Body Positivity: evoluzione o ipocrisia?
- M. L. Barbazza
- 26 apr 2023
- Tempo di lettura: 1 min

Ciospa, cozza, scorfana, racchia, mostro, strega… la donna brutta ha più nomi di Dio, scrive Giulia Blasi nel suo libro “Brutta. Storia di un corpo come tanti” (Rizzoli, 2021) dove si parla solo del corpo più politico e militarizzato in quasi tutte le culture e religioni: il corpo femminile.

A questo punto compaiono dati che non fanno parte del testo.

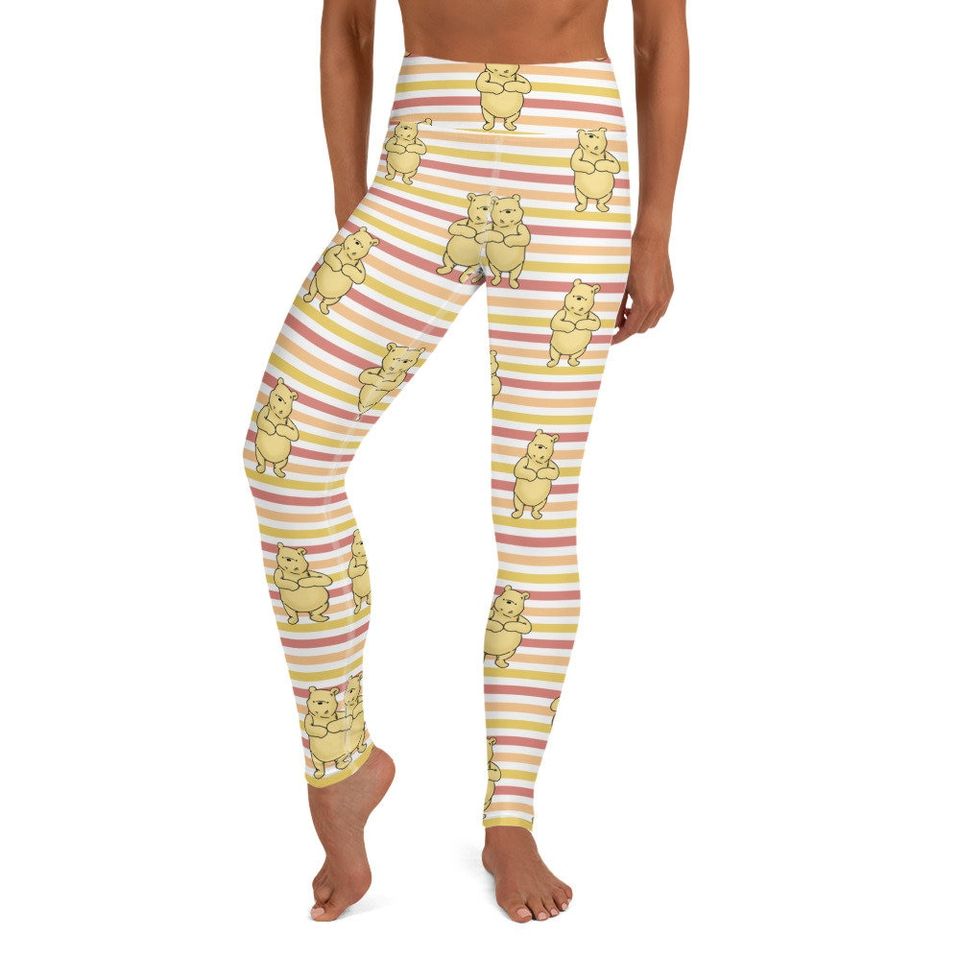 Striped Pooh Yoga Leggings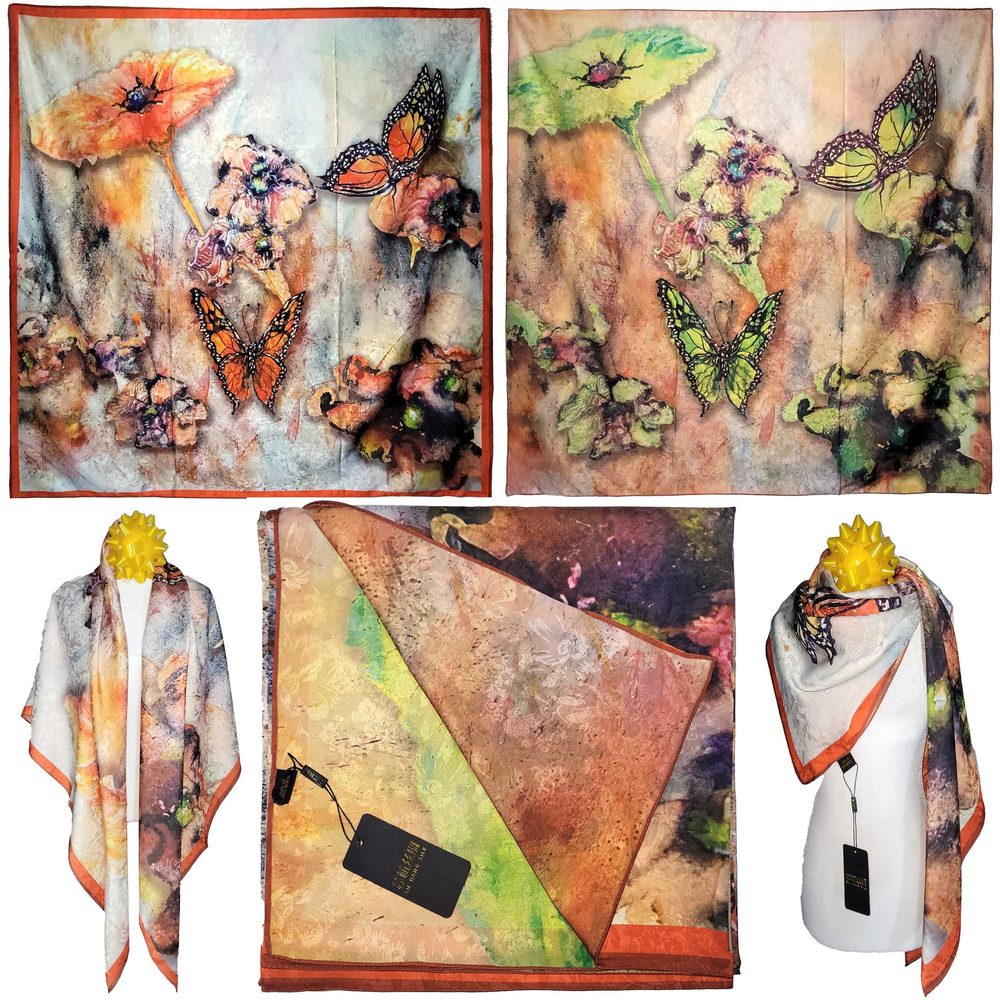 NWT Double Sided Silk Scarf 53"x53" Large Square Shawl Wrap XiangYunShal 22321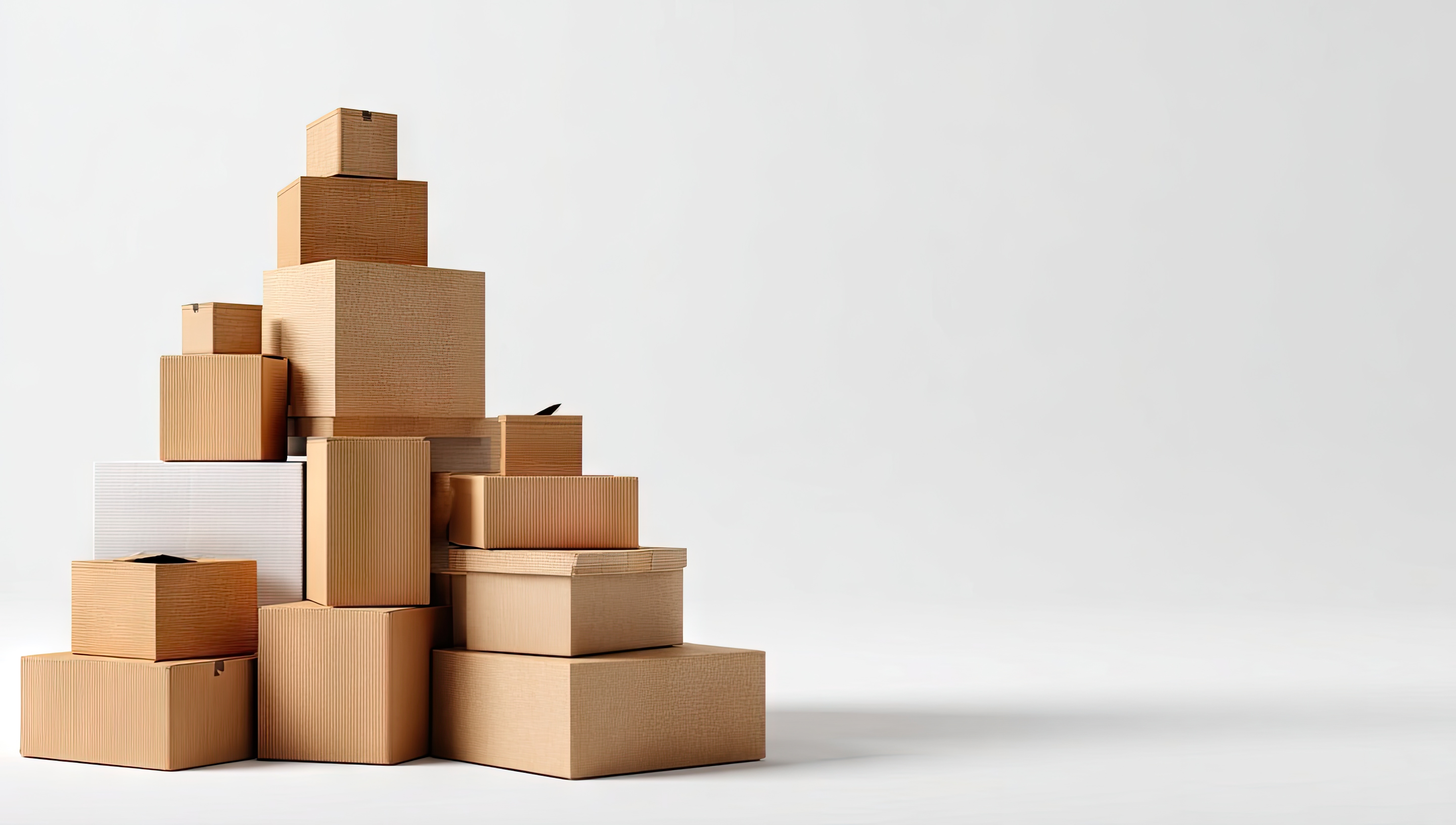 Cardboard boxes stacked in a  pyramid shape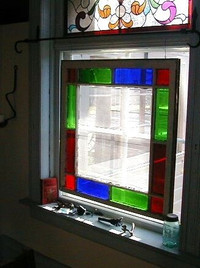 antique window - red, green and blue flash glass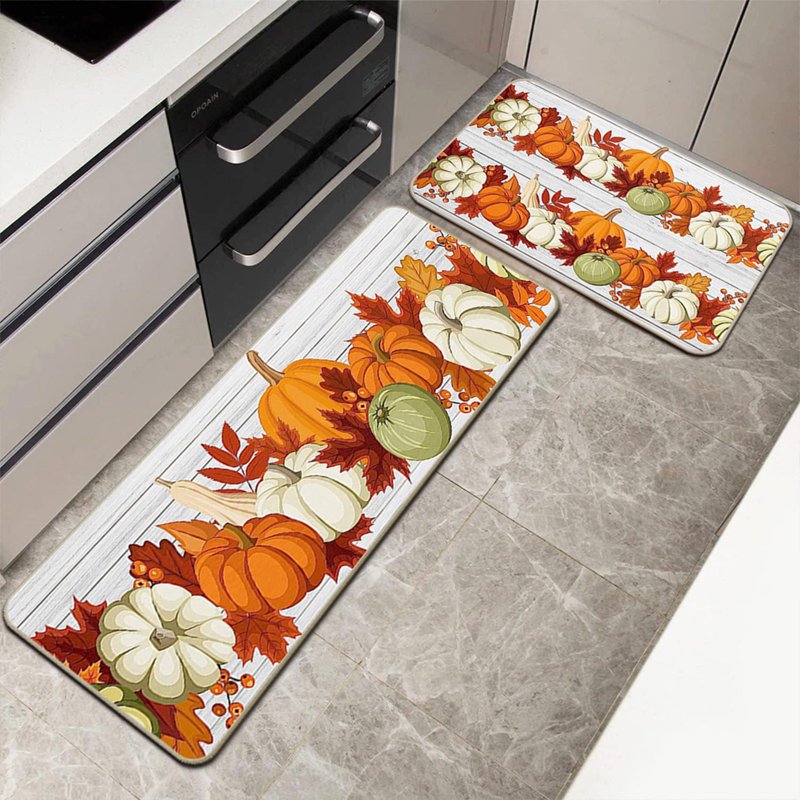 Halloween Pumpkin Rug and Mat Set - Non Slip Kitchen & Bathroom Decor E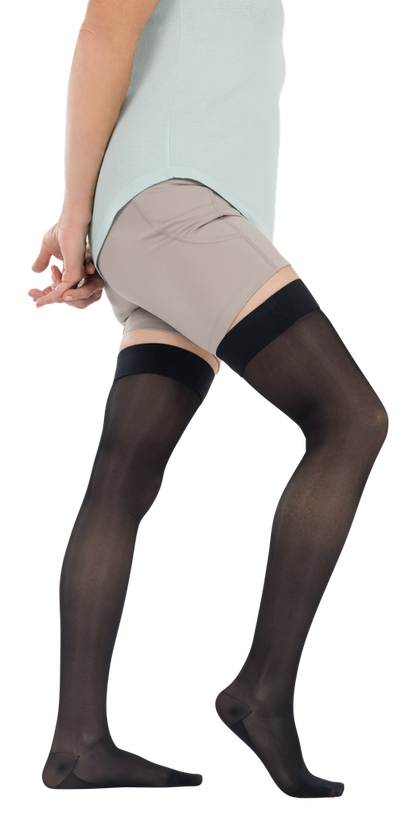 Thigh-High Compression Stockings 20–30 mmHg With Graduated Support - Small / Black - Orthopedics & Bracing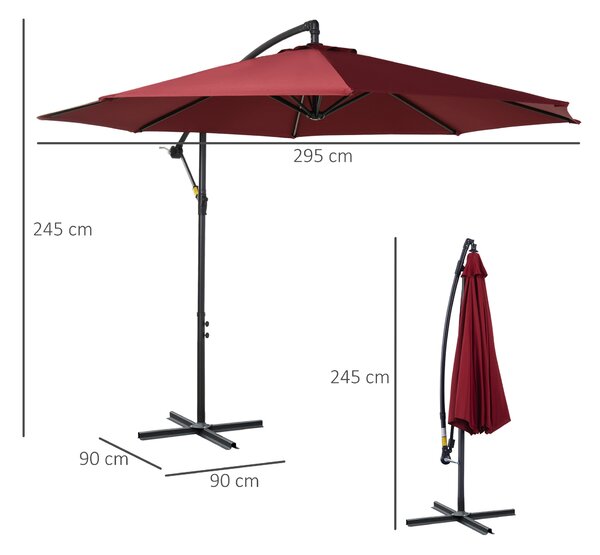 Outsunny Ombrellone da Esterni Rosso Scuro, Struttura Acciaio, Poliestere Impermeabile Anti-UV, Φ300x250cm, Comfort e Durabilità|Aosom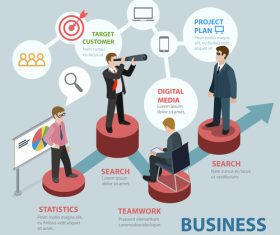 Cartoon flat style concept business infographocs vector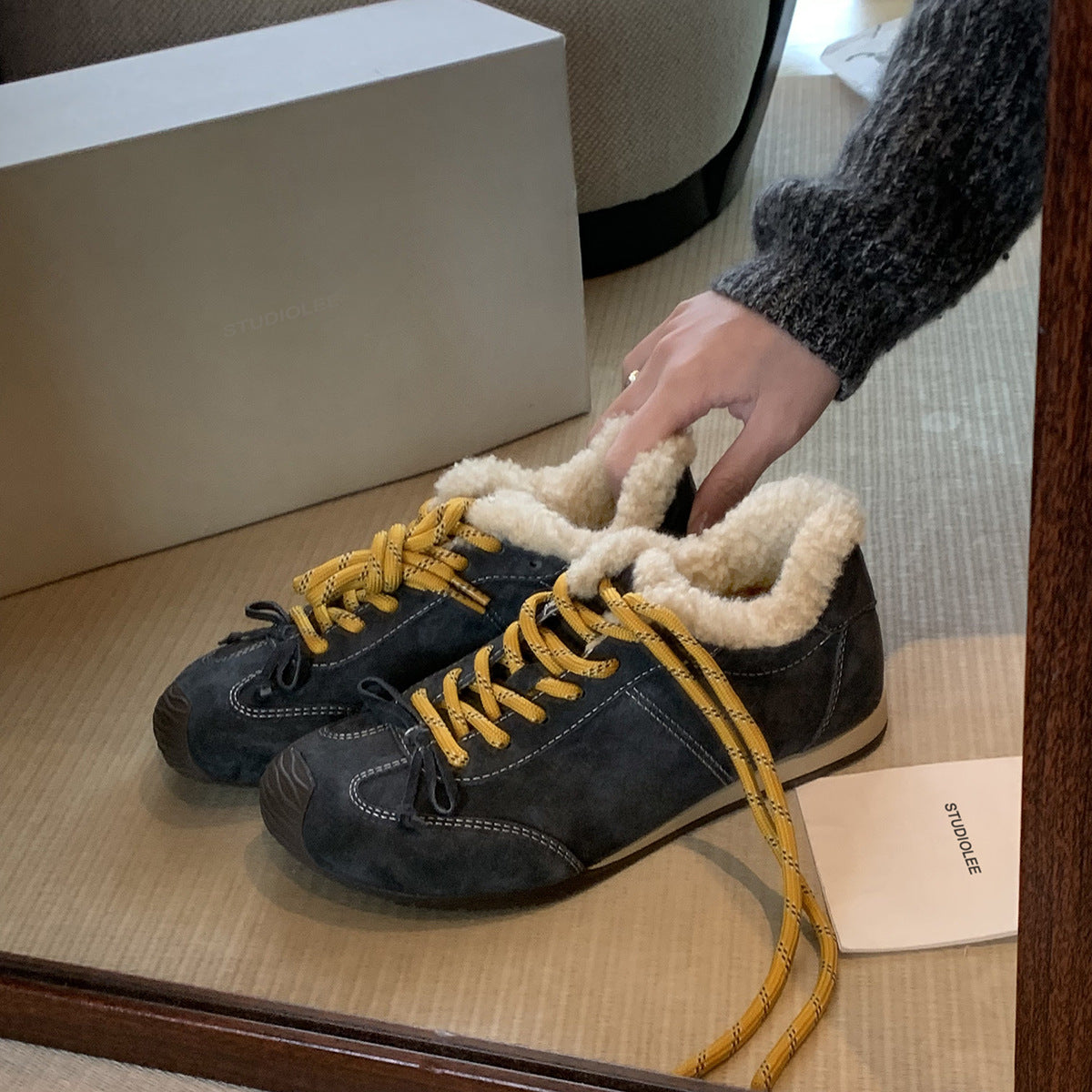Damen Winter-Sneaker Sportlich Warm mit Kunstfell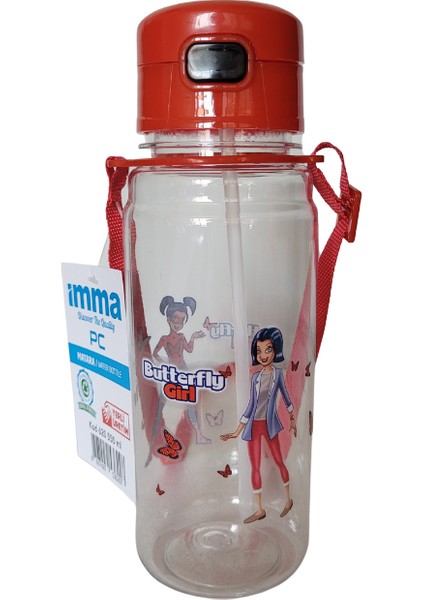 Matara Pipetli Imma Çocuk Matara Suluk 550ML 620PC (Butterfly Girl)
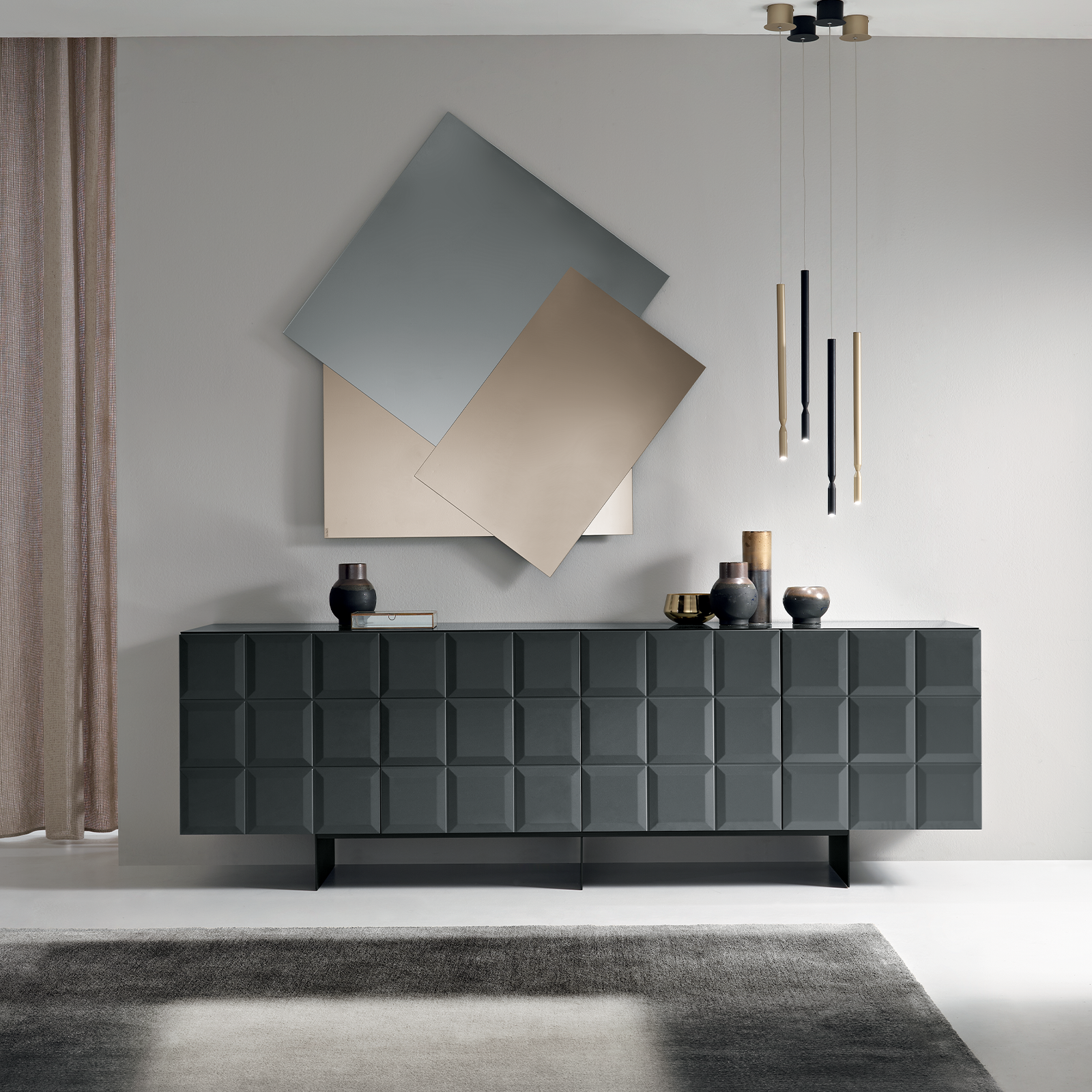 Anthracite "Mirò1" sideboard with lacquered MDF doors, chipboard body and black painted metal base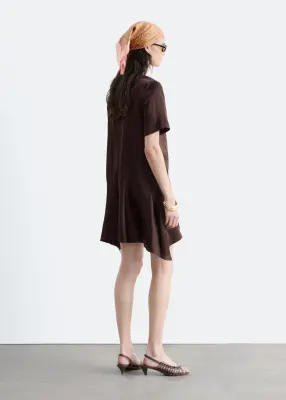 Robe courte à ourlet asymétrique - Marron Clair — photo 5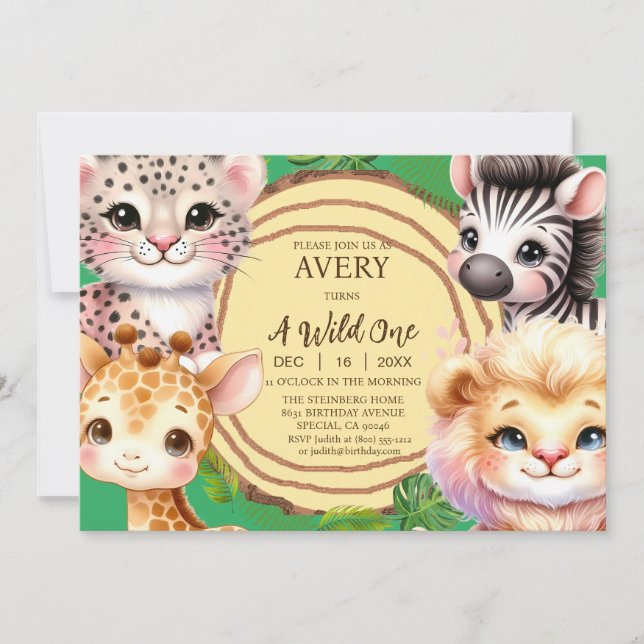 Invitations pour le premier anniversaire d'un garç (Devant)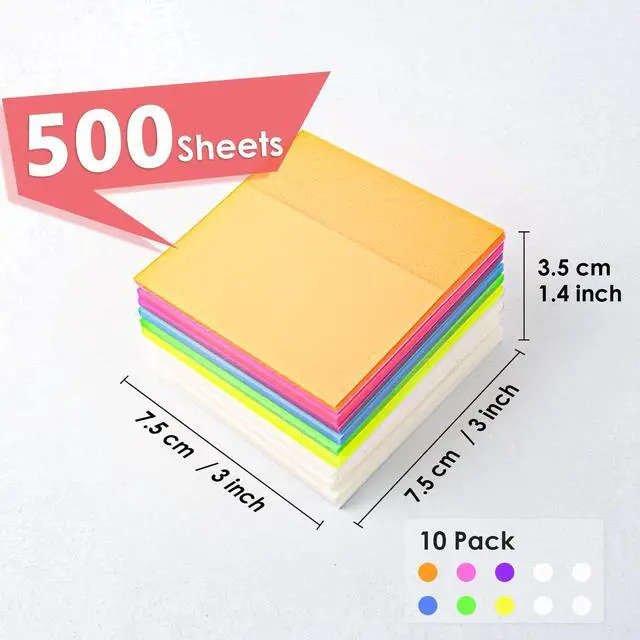 Alt view image 3 of 7 - Transparent Sticky Notes 500 Pcs, Clear Sticky Notes Waterproof Translucent Color Memo Pad 3 x 3 inch, See Through Notes for Office College School Supplies Pads
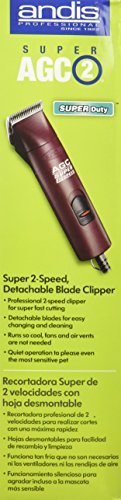 Andis 23280 ProClip Super 2-Speed Detachable Blade Clipper, Professional Animal/Dog Grooming, Burgundy, AGC2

Luogo su cui leggi, divieti, desideri, violenze e controlli, standard e pregiudizi, canoni e modelli, idealizzazioni e paure si sono succeduti ed alternati, a volte intrecciandosi, e rendendo l’ideale della bellezza femminile quanto di più incoerente e mutevole si possa immaginare. Un ideale che ha sempre avuto asticelle esasperate e irraggiungibili: troppo grassa, troppo magra, troppo piccola, troppo alta, fianchi troppo larghi o troppo stretti, seni inesistenti o floridissimi, volumi o corpi sottili quasi elfici…
Non sempre sono state le donne a disegnare lo skyline della perfezione ma, spesso, troppo spesso, sono state complici di questo processo faticosissimo di adeguamento al modello stereotipato più adeguato e riconoscibile.
E, se la bandiera del body positivity è poco convincente, dall’altra parte l’accusa di cadere nell’ipocrisia è altrettanto facile.
Forse è utile fare lo sforzo di uscire dalla dicotomia, abbandonando parole come accettazione o diversità per guardarne un’altra: varietà. Se il femminismo ha sputato su Hegel, non possiamo noi oggi sputare sui canoni estetici?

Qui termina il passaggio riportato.